Risk assessment is very necessary in order to mitigate and manage all the infectious risks related to information security system.
Mitigation measures of Risks in information system are as follows-
· Keep systems updated and patched so that overall risks can be mitigated.
· Apply Pareto analysis in order to identify key security challenges.
· Install proper firewalls scenario in order to mitigate security risks.
Risk management allows organization to identify and manage risks, attacks and unauthorized access. In order to manage risks, risk management framework and procedures are defined within information security mechanism. An effective framework and procedures allows IT security teams to optimize efficiency by consistent control assessments and vulnerability remediation processes. It also accelerates decision-making by providing timely insights and intelligence on information risks and security. Information security risk management framework are built around the core objectives of CIA (confidentiality, integrity, and availability) triad. These procedures ensure that only authorized users can access sensitive data, only reliable and authorized parties can change or modify organizational data and sensitive information can only be read by users who has permission to do so. Some procedures that are used to manage information security risks within an organization are as follows:
· Using different password for different accounts and use more complicated password combining letters, numbers and special characters.
· By using firewall as first line of cyber security,
· Use of anti-virus that helps to protect data from attacks of viruses,
· Ensuring organizations’ social media profiles are set to private, so that only authorized user can access to these accounts.

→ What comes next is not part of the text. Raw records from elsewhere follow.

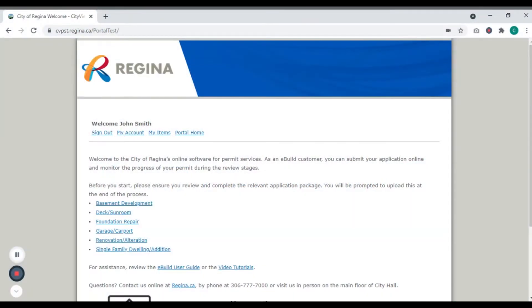Hello! Welcome to eBuild, the City of Regina's online software for permit services.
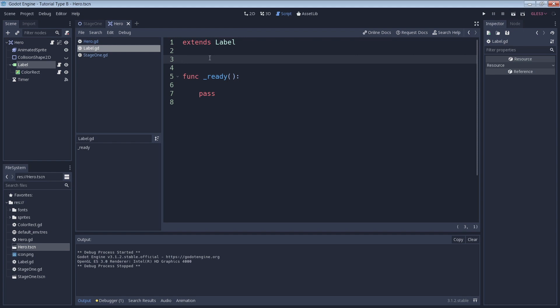In many of the previous tutorials, we have been making use of the ready function. This is a built-in function whose purpose is to run all code contained in it as soon as the game is run. Today we're still going to use a ready function, but we're also going to make a function of our own.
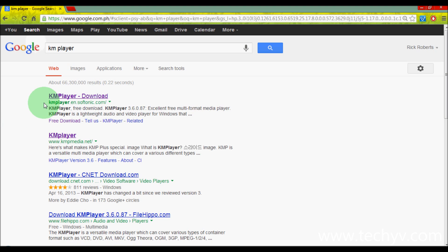Here, make sure that it's from kmplayer.ensoftonec.com.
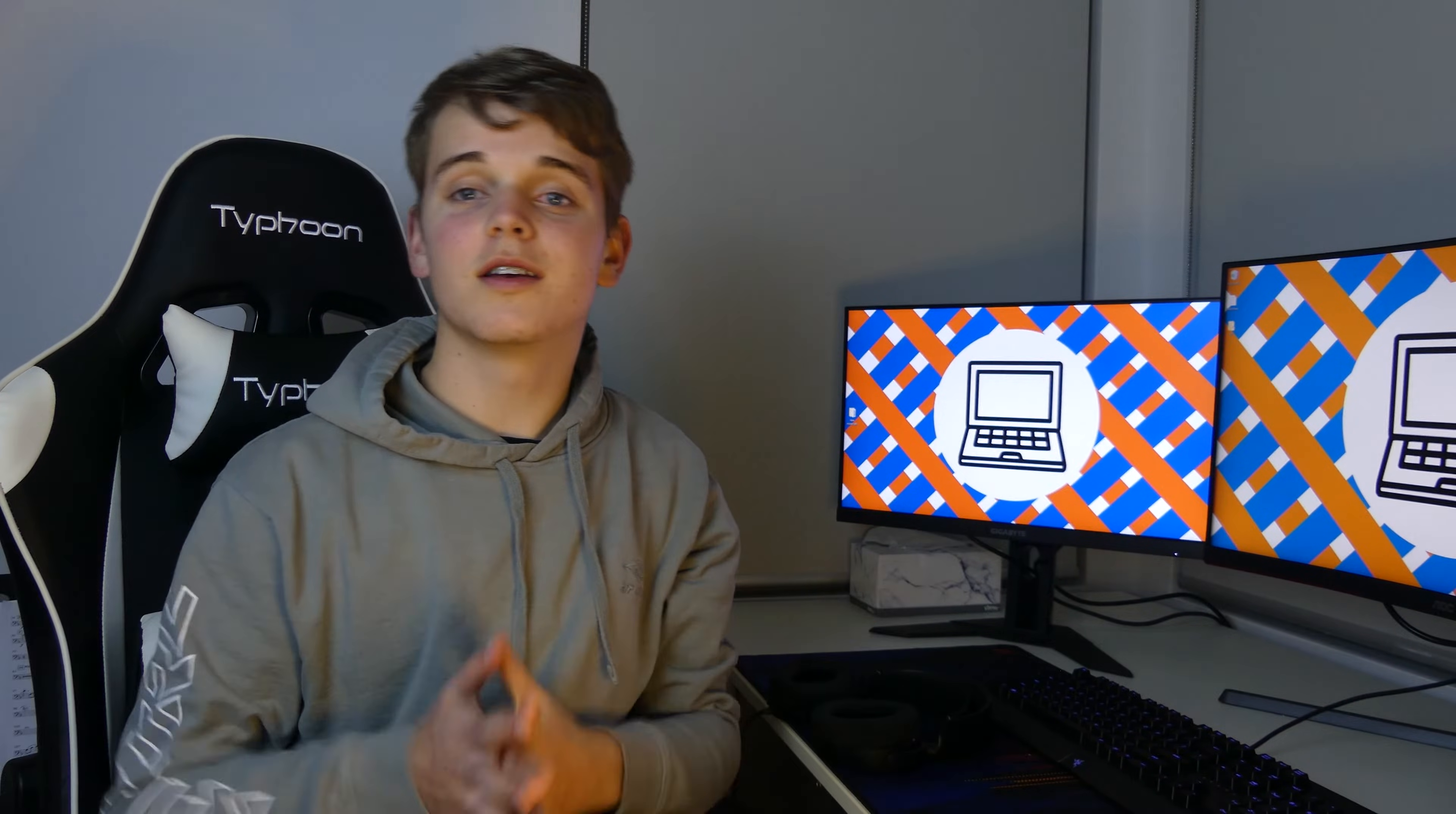Hey guys, TechBiz here, and today I'm going to be showing you how to update your motherboard BIOS. So let's jump into it.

· A good security culture can be established among employees and identify the awareness of information security within organization as employer behavior have a big impact on information security in organizations.
Organization can manage risks related to information security to large extent by using appropriate risk assessment framework. Access control policy and password control policies are used by the organization to manage the risk associated with information security.
Access Control Policy- This policy plays a dual role in context of information security- context extraction and content classification. This policy ensures that only legitimate user can able access information. Access control strategies are Identification, authorization, and authentication. Identification strategy implies to identify the user who is trying access the information, username stored in the system is helpful for achieving the identification process. Authorization means to verify that the claimed user is not restricted, it is achieved by verifying the stored username in the database with a claimed username. Authentication is achieved by verifying the password. Authentication is used to identify each user and monitor all the connections through the firewall.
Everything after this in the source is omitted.